Nella maggior parte dei casi gli attacchi sono stati realizzati con tecniche ben conosciute, sfruttando cioè la mancanza di patch, misconfigurazioni, falle organizzative, la mancanza di awareness da parte degli utenti, ovvero tutte vulnerabilità che potrebbero e dovrebbero essere mitigate, se non eliminate, con facilità, mentre anche quest’anno rappresentano il 68% del totale.

Il tunnel dei social network
A livello globale il 2012 è stato l’anno dell’affermazione dei social network come piattaforme privilegiate di diffusione e scambio di informazioni. E le stesse piattaforme Social sono state vittime di importanti attacchi, che hanno causato il furto delle credenziali di milioni di utenti.
L’unione di questi due trend ha posto le basi per l’aumento di incidenti.

Gli utenti sembrano non preoccuparsi delle possibili conseguenze in termini di perdita di dati personali, stalking, cyber bullismo, furti di identità, frodi di ogni genere, spionaggio ed attacchi da parte di cyber criminali, nonostante nel nostro paese nel 2012 il 40% degli utenti adulti di Internet siano stati raggiunti da qualche forma di minaccia informatica, circa la metà delle quali veicolate tramite social network.

La situazione italiana
Mentre in Italia il 2011 è stato caratterizzato dalla predominanza di minacce di matrice attivista (Anonymous e i suoi emulatori), nel corso del 2012 il peso e la frequenza di questi eventi è progressivamente diminuito.
Degli attacchi rilevati in Italia nel 2012, il 67% risultano essere di matrice hacktivistica mentre un 33% è dovuto a motivazioni riconducibili al cybercrime.
Il dato va confrontato con il campione relativo al 2011, dove queste percentuali si attestavano rispettivamente all’84 e 14%.
Anche per l’Italia, quindi, nel campione analizzato nel corso del 2012 si è dimostrato un incremento degli attacchi motivati da cybercrimine e un calo degli eventi riconducibili a natura hacktivistica.
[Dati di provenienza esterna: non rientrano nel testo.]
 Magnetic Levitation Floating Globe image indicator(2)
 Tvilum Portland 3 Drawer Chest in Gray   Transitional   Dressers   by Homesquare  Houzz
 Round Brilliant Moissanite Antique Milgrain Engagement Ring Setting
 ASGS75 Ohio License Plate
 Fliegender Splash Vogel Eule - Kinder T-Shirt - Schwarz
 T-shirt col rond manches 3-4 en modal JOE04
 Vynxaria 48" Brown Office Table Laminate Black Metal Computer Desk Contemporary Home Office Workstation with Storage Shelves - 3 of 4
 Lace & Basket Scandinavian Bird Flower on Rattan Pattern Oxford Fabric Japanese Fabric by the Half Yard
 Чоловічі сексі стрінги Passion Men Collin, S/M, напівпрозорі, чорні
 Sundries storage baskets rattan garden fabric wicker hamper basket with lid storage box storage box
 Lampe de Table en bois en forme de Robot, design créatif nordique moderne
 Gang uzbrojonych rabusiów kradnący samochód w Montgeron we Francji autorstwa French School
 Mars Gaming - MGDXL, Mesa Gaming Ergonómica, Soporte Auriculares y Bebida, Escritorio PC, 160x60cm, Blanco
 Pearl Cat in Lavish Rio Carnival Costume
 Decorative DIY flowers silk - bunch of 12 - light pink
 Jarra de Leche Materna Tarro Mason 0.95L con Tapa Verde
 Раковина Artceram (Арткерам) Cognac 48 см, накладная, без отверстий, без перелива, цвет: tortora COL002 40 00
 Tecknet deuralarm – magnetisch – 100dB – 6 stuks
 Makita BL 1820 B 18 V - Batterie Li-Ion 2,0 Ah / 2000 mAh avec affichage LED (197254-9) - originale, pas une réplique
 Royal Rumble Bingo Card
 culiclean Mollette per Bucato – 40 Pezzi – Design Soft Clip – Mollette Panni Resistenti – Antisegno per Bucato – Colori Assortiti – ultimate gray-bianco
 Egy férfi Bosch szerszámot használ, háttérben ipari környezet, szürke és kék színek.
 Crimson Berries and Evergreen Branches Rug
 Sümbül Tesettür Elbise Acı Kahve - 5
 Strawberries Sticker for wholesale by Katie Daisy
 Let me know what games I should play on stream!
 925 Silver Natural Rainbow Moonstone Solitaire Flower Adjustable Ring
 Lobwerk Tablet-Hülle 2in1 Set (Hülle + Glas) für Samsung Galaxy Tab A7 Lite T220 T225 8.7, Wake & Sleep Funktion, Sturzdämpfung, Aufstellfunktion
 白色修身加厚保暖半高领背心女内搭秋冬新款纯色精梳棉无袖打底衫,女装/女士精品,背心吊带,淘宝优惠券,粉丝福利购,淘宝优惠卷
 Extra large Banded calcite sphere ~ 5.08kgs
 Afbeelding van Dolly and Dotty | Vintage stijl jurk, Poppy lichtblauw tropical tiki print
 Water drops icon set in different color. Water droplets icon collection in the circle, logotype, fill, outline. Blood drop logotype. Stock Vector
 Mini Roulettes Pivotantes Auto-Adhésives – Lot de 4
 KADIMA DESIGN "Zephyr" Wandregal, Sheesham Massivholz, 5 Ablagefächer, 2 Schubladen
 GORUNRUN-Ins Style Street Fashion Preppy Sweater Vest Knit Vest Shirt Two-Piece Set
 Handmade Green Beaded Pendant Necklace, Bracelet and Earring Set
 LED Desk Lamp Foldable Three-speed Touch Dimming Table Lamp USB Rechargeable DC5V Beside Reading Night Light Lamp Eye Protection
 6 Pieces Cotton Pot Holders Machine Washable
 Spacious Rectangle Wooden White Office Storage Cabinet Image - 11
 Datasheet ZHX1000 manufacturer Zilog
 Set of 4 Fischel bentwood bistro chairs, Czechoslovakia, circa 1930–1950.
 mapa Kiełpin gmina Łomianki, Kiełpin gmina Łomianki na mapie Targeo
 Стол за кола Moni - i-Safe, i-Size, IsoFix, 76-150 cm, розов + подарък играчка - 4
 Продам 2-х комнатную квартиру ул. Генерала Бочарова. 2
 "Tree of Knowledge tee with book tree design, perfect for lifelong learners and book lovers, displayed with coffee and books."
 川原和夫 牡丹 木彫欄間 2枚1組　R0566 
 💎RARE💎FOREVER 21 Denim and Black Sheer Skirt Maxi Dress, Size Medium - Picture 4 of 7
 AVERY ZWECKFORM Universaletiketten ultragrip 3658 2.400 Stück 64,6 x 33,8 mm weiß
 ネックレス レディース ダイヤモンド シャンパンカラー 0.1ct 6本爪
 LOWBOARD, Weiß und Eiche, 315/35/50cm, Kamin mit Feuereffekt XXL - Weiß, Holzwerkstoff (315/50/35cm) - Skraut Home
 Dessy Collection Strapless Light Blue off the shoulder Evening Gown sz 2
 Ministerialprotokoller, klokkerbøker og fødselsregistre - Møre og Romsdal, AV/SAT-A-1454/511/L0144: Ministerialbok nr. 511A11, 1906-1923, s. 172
Per quanto riguarda la distribuzione degli obiettivi, il campione analizzato mostra una preferenza degli attaccanti per il settore governativo, seguito da associazioni politiche e industria.
Il 2012 ha visto il consolidamento del trend già avviato nel 2011, relativo all’aumento dell’accesso dei servizi online da dispositivi mobili.

Il depotenziamento del concetto di privacy
A dicembre 2012 in Italia vi erano 38.4 milioni di utenti nella fascia 11-74 anni con accesso continuo ad Internet, e quasi 20 milioni in grado di connettersi con uno smartphone o tablet.
Se si considera che nel 60,4% dei casi l’attività più citata dagli utenti mobili consiste nella navigazione su Internet, e che quasi 5 milioni di utenti hanno scaricato almeno una volta una applicazione, se ne deduce la crescente familiarità verso questi dispositivi.
E purtroppo anche i criminali informatici si stanno adattando alle abitudini degli utenti.

Per il CLUSIT si sta delineando una pericolosa tendenza tra le giovani generazioni (ma non solo), che stanno crescendo con un concetto di privacy totalmente nuovo e diverso da quello che avevano le generazioni precedenti, che li espone maggiormente alle minacce virtuali.
Si assiste oramai alla condivisione di una quantità eccessiva di informazioni personali senza avere consapevolezza delle implicazioni pratiche.